Pan Shiyi, chairman of Hong Kong-listed developer Soho China, thinks that the country’s real estate industry is headed for disaster, one that he likens to a certain famous shipwreck, and he thinks the coming crash could sink the whole economy.
Speaking at a financial forum in Beijing, the attention-seeking head of one of China’s largest commercial property firms said, “I think China’s property market is like the Titanic and it will soon hit an iceberg in front of it.”
While Pan and his wife Zhang Xin, the CEO of Soho, are known for their publicity stunts, the industry has been facing real headwinds this year with credit agency Moody’s downgrading the entire sector to negative earlier this month.
According to a report in the Wall Street Journal, Pan sees the coming crash as spreading rapidly into the finance sector which has long supported the country’s developers.
“After hitting the iceberg, the risks will not only be in the real estate sector.
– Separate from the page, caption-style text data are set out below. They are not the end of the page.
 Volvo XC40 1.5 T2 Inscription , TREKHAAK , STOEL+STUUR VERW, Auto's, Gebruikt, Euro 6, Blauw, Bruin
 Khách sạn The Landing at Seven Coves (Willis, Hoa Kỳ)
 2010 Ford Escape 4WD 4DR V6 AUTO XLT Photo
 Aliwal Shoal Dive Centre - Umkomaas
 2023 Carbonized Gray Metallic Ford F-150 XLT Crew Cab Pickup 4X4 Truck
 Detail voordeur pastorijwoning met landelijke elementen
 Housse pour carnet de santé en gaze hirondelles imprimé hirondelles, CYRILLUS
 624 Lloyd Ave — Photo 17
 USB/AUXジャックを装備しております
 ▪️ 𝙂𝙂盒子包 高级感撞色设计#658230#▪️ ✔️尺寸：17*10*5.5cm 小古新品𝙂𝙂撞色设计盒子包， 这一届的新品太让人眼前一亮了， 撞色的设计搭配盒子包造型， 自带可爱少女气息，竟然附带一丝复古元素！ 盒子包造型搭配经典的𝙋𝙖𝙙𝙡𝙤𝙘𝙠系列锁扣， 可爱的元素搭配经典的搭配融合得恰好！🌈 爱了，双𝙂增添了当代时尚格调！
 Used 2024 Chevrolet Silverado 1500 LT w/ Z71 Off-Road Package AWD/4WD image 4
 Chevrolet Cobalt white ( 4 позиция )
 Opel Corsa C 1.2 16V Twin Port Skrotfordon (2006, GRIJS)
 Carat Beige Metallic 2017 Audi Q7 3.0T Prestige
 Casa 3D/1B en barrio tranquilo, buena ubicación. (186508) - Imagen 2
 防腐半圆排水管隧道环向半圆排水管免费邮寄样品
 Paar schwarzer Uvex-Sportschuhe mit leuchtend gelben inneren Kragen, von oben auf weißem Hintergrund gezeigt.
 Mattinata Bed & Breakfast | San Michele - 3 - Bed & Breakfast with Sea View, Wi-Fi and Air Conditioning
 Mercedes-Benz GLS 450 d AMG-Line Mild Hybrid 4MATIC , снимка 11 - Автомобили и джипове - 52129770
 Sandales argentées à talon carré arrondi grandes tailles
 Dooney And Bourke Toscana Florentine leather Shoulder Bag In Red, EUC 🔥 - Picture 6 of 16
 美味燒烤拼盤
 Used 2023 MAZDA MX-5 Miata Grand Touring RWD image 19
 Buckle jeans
The bigger risk will be in the financial sector,” the Journal reported Pan as saying. The Beijing-based tycoon highlighted the heavy linkages between China’s shadow banking industry, including the many trusts, wealth management vehicles and entrusted loans which have lent cash to real estate projects that are looking increasingly risky.
Pan, who indicated later that he believed his comments to be off the record, even predicted that real estate prices would drop by 20-30 percent. After the remarks were reported in the local media, the billionaire businessman did not dispute the accuracy of the accounts.
Pan Not the Industry’s First Pessimist
Less than one month ago Mao Daqing, Vice Chairman of China Vanke also predicted tough times for the real estate industry at a private event, only to see his remarks appearing on the Internet soon thereafter.
The top of executive from China’s largest developer by sales said in at the time that China’s housing market is saturated and that there’s no chance for further price increases unless the government once again resorts to stimulus measures.
The negative remarks by Mao came just after the Shenzhen-based developer reported its first quarterly drop in profits since 2002. Soho has also struggled recently, reporting at earlier this year that its profits for the second half of 2013 were down 47 percent compared to the same period a year earlier.
Perhaps to jettison some unnecessary load before heading into a stormy market, Soho earlier this year also sold two commercial projects in Shanghai for RMB 5.23 billion ($851 million), a price well below what the company had originally asked for.